Whenever I am looking for a long term investment opportunity that is somewhat more speculative than a traditional trade, the last thing I want to do is risk a bunch of capital on it. So, in keeping with that philosophy, I search for stocks that are considered “cheaper” or under-valued. Generally, when seeking these opportunities, we will look to the lower priced, lower float stocks. These tend to be the next logical candidates for a breakout move. By focusing on these opportunities, we are confining our smaller capital risk to an area of a hot target sector with explosive growth. Essentially, we are getting more bang for our buck.
How Do We Know Which is the Right Choice?
When looking for these smaller, off the radar stocks, I like to find trade ideas with catalysts in play. A catalyst can come in many forms, but generally, smaller companies working on big things. Examples can include cancer research, diabetes treatments, breast cancer scans, and liver disease or hepatitis treatments. Look at what the Ebola craze did for stocks like Tekmira Pharmaceutical (TKMR), Alpha Pro Tech (APT), Lakeland Industries (LAKE), and Inovio Pharmaceuticals (INO), just to name a few examples.
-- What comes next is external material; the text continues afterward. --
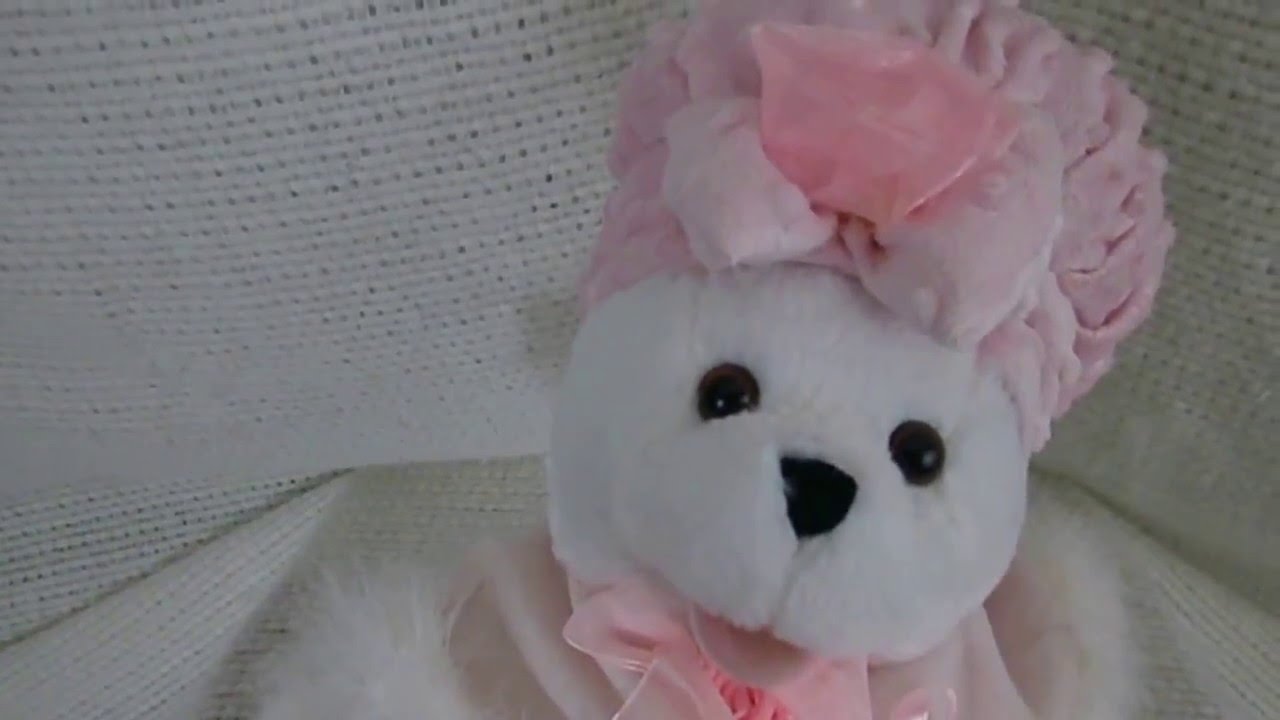 CHantilly Lane Musical Animated 19" Hope Bear sings "I Hope You Dance"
The point is, it doesn’t really matter what you are looking for, so much as it does that the company has some sort of potential catalyst in play in a much larger market. The second biggest thing that we have to reference is, historical price action. This is where technical analysis plays its role. So, we can find a company that says it is working toward the cure to mortality, but that doesn’t mean squat if investors hadn’t previously thought what the company was doing was amazing. How do we determine this? Well, if you look at the stock charts for a company going back several years, do you see the price action trading in a range? Is it something that has barely made a move one way or the other? If the answer is yes, we should pass on this. Not because they aren’t working on the miracle cure and will never get it, but because they don’t have a track record of sparking investor interest.
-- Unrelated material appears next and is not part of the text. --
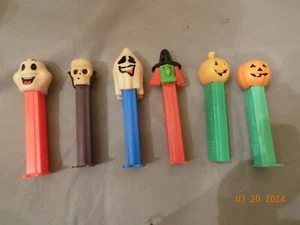 Lot of vintage Halloween Pez dispensers - Picture 1 of 2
The best chart setup you want to find, is something that has a history of making big, volatile moves up, followed by a short consolidation period, and another big and quick sharp move up. My favorite trade idea in the biotech sector right now, comes from Durect Corporation (DRRX). This company has been around nearly 15 years, and was once worth $18 a share. For the past several months, it has been trading in obscurity under $1. They are working on liver disease drugs and are making progress on several fronts, announcing said catalysts in the recent weeks. The chart, indicates that this stock is capable of explosive moves on large volume. After the recent handful of announcements, it has already moved up 192% in a few months. Is that insider buying and savvy investors picking up on a bigger opportunity? And, for the first time in over a year, we are trading at new highs. Couple the bullish signals on the chart, with the bullish fundamental catalysts in play, and the sector and broader market, macroeconomic analysis, and I think we could have a huge turn around play on our hands here, as well as an amazing, low priced and lower risked investment opportunity.